WORK TO BE COMPLETED
Any picture in the data below gets skipped; print all the rest exactly.

INPUT DATA
*** Begin section ***
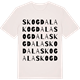 Vintage White t-shirt med Skogdala ordlek t-shirt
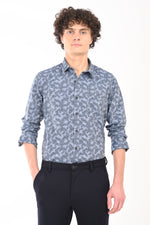 Premium Textured Printed Shirt
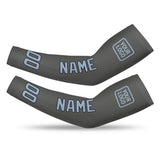 Custom Dark Grey Light Blue Arm Sleeve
*** End section ***
TASK SOLUTION
 Vintage White t-shirt med Skogdala ordlek t-shirt
 Premium Textured Printed Shirt
 Custom Dark Grey Light Blue Arm Sleeve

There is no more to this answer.